Man oh man.  It is February. We’ve got crappy weather.  We’ve got depressed corn prices.

But this week is National FFA Week which is a beacon in the winter for us growers.  Like many of you, I grew up with FFA in my blood and during these dreary February days, the FFA Creed gives me perspective and encouragement and reminds me that all is well.

I believe…in the promise of better days through better ways, even as the better things we now enjoy have come to us from the struggles of former years.

February is a time to remember, to reflect on our past struggles and set plans to avoid encountering such struggles again in the future.  February is a time to read, to think, to tinker, and to fix.  With spring planting less than 60 days away, now is the time to imagine what this season might be and plot your course there.

I believe that to live and work on a good farm, or to be engaged in other agricultural pursuits, is pleasant as well as challenging, for I know the joys and discomforts of agricultural life and hold an inborn fondness for those associations which, even in hours of discouragement, I cannot deny.

We’re in this industry because we’re passionate about it.  It’s that passion that we need to draw on when the challenges start to overwhelm the pleasantness of our profession.  Sure it’s February now, but March is well on its way.

Which means that there’s a lot to look forward to, and even some good things happening right now.  Right now, calves are being born and with cattle at an all-time high, you might even catch yourself smiling among the muck and grossness.  Right now, we have new snow helping to replenish some much-needed sub-soil moisture.  Right now, corn prices even are at a five week high as I write.

I believe in my own ability to work efficiently and think clearly, with such knowledge and skill as I can secure, and in the ability of progressive agriculturists to serve our own and the public interest in producing and marketing the product of our toil.

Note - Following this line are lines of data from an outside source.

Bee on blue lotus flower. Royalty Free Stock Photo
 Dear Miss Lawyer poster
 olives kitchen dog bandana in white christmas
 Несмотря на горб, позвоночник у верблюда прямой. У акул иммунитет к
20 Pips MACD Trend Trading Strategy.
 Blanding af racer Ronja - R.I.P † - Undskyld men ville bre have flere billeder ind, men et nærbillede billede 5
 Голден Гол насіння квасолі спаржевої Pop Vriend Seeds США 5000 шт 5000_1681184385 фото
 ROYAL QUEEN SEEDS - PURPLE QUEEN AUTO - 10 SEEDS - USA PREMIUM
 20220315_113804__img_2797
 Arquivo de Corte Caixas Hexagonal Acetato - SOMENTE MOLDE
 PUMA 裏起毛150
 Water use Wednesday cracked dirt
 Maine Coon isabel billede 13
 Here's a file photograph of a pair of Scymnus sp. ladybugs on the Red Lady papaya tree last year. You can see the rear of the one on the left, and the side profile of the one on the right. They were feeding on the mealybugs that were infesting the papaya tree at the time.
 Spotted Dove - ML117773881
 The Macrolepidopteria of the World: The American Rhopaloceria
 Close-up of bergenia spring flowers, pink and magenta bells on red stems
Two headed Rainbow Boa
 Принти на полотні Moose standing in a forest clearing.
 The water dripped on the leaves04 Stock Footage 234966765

In these depths of winter, you might feel like hunkering down rather than going out, but even now—especially now—there is socializing to do, meetings to attend.  Grain marketing meetings are already underway, and though harvest might seem light years away, it isn’t: get out and learn some information that will help you lock in the best price this year.  In March, RD meetings will gear up.  Attend them.  Nearly three quarters of growers try at least one new thing with their operation every year: go out and find that thing that gets you jazzed and dreaming of the warm May sun.

Very soon, our world is going to be set on fire with activity: equipment preparation, field scouting, buying, fueling, fixing, planting.  Make use of this blessed calm before the storm to plot and plan, and even on the coldest of days, remind yourself that ours is an excellent profession and that you believe, wholeheartedly, in the future of agriculture.